Blog10: MISC — An overview of the ELF format

9 min readMay 6, 2023

Definition of the ELF format

The ELF (Executable and Linkable Format) format is the main binary format in use on modern Linux systems.

What is ELF mainly used for?

Executables: These are binary files that contain machine code to be executed directly by the operating system.
Shared libraries: ELF is also used for shared libraries, which are collections of functions and data that can be used by multiple programs simultaneously.
Object files: These are intermediate files generated during the compilation of a program. Object files contain machine code, data, and other information needed for linking with other object files or shared libraries to create an executable or a shared library.

ELF files for executables

An ELF file for an executable program (rather than a shared library or an object file) must always contain a program header table near the start of the file, after the ELF header, each entry in this table provides information that is needed to run the program.
In this article, we will focus on ELF executables.

Components of ELF executables:

The ELF Header:

An ELF header resides at the beginning and holds a “road map” describing the file’s organization, the ELF header is a structure that contains the metadata of the file.

At the beginning of the file, we have what’s called E_IDENT, 16 bytes that describe how the ELF file needs to be parsed. For example, this is the E_IDENT part of an executable that just calls a function (exit(0)).

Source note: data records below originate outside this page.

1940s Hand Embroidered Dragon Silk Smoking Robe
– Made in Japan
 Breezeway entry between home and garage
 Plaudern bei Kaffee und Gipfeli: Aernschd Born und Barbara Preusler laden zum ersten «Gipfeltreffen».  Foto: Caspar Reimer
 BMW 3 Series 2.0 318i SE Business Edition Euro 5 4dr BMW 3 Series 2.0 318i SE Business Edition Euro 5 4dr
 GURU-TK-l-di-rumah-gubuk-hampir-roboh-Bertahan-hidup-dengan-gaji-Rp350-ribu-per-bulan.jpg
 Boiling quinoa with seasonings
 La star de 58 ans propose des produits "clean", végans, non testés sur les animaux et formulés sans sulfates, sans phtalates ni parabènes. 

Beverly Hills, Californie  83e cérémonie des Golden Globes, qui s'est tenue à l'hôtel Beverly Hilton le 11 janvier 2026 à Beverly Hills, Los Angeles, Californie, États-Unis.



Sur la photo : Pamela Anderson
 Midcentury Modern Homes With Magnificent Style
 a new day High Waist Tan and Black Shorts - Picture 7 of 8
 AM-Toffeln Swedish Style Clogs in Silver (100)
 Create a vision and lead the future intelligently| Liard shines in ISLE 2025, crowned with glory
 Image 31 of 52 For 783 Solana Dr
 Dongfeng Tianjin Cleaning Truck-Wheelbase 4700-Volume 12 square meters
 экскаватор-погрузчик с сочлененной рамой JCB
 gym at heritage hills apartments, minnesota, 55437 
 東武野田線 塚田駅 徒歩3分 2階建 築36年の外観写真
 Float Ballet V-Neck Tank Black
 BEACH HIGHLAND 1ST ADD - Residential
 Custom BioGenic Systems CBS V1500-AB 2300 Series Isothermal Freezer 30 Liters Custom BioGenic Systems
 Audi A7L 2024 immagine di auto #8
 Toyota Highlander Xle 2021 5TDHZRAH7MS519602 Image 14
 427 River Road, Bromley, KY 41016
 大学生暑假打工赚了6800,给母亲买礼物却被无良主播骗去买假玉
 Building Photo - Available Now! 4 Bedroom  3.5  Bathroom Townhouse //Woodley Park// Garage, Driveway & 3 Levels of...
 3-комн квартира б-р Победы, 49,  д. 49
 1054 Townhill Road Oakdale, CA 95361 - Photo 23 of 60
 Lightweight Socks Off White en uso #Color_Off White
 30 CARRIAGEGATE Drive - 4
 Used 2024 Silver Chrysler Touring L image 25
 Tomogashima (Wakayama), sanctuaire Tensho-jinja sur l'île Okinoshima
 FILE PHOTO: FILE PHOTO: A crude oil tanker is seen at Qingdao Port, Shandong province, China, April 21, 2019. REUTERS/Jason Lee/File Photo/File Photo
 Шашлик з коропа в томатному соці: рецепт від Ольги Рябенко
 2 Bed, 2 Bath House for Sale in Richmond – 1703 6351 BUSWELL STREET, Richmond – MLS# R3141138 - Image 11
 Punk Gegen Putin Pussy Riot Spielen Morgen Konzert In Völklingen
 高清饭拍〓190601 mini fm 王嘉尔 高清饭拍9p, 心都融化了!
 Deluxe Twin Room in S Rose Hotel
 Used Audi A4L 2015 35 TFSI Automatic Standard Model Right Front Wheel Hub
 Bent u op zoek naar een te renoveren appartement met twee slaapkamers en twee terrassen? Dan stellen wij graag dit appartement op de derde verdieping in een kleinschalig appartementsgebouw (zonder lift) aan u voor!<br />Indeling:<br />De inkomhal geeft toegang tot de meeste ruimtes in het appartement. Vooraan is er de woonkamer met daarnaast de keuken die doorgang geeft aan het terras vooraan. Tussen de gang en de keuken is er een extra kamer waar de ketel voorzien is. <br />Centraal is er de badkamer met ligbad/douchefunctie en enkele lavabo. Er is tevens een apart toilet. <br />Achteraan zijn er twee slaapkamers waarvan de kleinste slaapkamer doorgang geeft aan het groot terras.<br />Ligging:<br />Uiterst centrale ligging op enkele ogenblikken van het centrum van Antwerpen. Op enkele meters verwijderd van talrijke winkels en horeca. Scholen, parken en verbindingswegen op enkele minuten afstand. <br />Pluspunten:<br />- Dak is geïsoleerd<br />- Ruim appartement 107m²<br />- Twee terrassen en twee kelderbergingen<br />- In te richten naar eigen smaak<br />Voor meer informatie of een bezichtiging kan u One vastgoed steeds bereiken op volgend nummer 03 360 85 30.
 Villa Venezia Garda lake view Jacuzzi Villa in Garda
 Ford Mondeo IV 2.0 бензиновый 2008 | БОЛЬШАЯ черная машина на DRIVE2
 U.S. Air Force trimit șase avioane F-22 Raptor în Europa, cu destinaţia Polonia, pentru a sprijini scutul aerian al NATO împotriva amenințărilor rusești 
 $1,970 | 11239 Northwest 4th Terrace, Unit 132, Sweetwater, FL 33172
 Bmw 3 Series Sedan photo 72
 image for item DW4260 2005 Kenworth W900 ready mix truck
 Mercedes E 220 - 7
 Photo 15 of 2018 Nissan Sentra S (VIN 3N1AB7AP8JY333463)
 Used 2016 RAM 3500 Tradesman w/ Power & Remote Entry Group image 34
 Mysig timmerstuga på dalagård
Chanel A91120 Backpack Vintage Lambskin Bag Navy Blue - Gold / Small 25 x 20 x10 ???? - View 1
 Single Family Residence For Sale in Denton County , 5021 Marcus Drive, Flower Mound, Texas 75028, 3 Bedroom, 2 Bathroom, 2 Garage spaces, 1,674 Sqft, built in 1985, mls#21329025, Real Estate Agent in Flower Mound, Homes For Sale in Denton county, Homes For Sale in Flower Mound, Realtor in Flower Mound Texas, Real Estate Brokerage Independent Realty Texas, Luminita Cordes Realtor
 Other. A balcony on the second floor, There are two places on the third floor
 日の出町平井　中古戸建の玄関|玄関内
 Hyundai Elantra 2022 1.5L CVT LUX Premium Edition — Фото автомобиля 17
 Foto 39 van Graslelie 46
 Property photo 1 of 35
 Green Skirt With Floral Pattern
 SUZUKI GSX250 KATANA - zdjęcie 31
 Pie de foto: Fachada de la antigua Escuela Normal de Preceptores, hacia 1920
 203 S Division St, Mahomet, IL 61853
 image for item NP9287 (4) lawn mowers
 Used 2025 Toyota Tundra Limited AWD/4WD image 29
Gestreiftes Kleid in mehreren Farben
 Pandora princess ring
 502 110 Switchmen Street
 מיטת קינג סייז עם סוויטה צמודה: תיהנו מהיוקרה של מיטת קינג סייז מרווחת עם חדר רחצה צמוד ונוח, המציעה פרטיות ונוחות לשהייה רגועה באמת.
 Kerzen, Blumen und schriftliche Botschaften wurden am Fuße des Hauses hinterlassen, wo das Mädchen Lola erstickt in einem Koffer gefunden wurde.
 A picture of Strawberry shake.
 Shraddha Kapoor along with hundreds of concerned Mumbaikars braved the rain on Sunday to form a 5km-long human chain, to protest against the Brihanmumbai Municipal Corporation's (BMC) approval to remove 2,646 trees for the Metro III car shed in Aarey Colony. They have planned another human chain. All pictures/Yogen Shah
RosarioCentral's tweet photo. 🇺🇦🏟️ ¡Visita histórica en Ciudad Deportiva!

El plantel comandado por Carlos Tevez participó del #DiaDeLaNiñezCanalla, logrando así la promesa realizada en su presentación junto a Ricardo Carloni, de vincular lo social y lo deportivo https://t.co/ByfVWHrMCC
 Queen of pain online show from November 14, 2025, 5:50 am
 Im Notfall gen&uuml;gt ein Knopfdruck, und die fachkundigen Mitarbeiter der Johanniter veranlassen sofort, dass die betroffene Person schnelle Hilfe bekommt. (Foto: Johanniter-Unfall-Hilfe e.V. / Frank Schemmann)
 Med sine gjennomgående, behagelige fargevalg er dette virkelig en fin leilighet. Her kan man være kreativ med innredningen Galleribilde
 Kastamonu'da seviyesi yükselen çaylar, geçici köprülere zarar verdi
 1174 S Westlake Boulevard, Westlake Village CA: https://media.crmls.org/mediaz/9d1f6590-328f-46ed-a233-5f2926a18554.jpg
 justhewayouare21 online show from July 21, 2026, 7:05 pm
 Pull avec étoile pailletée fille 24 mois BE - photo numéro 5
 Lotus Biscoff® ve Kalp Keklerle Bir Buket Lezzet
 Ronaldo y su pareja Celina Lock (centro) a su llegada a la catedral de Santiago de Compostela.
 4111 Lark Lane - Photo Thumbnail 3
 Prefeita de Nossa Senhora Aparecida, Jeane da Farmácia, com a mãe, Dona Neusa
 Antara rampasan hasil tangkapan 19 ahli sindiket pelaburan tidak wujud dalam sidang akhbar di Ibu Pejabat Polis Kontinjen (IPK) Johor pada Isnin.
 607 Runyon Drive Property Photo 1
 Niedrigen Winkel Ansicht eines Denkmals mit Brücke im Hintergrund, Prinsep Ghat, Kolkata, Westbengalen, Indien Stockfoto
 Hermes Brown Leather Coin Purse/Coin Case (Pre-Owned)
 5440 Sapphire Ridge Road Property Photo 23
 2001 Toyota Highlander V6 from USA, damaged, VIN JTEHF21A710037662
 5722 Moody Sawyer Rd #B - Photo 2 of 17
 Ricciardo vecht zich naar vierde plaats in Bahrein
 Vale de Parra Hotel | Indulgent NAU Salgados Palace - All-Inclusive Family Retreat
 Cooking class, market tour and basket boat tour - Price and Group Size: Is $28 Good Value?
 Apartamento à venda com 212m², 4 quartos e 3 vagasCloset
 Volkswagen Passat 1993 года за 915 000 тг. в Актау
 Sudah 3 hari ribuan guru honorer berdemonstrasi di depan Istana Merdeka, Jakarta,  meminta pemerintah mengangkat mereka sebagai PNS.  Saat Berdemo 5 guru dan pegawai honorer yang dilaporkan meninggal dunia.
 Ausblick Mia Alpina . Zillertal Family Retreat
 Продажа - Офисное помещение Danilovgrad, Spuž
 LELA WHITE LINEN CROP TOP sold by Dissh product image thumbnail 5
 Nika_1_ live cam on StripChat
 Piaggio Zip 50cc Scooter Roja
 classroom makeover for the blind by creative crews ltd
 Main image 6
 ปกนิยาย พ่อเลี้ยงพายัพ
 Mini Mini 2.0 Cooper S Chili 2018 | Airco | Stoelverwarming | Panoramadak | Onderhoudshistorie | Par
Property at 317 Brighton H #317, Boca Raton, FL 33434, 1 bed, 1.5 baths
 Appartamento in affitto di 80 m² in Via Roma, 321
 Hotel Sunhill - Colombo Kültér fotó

The first four bytes contain a magic number, these bytes are the same for all ELF files and help you quickly verify whether a file actually is an ELF file.
The next byte specifies the class of the ELF file whether it’s a 32-bit ELF or a 64-bit ELF file (EI_CLASS). In this case, it’s set to 2 and so we are looking at a 64-bit ELF file.
The next byte specifies the data encoding used in the file, 01 means that the least significant byte comes first and 02 means that the most significant byte comes first.
Next, we have the version byte, this has always been set to 1 since the 80s because ELF has always been at version 1.
The next byte is not important to us and the one following it is almost never used so we just skip over it.
Finally, we have the last 7 bytes which are simply used as padding and don’t serve any other purpose than that.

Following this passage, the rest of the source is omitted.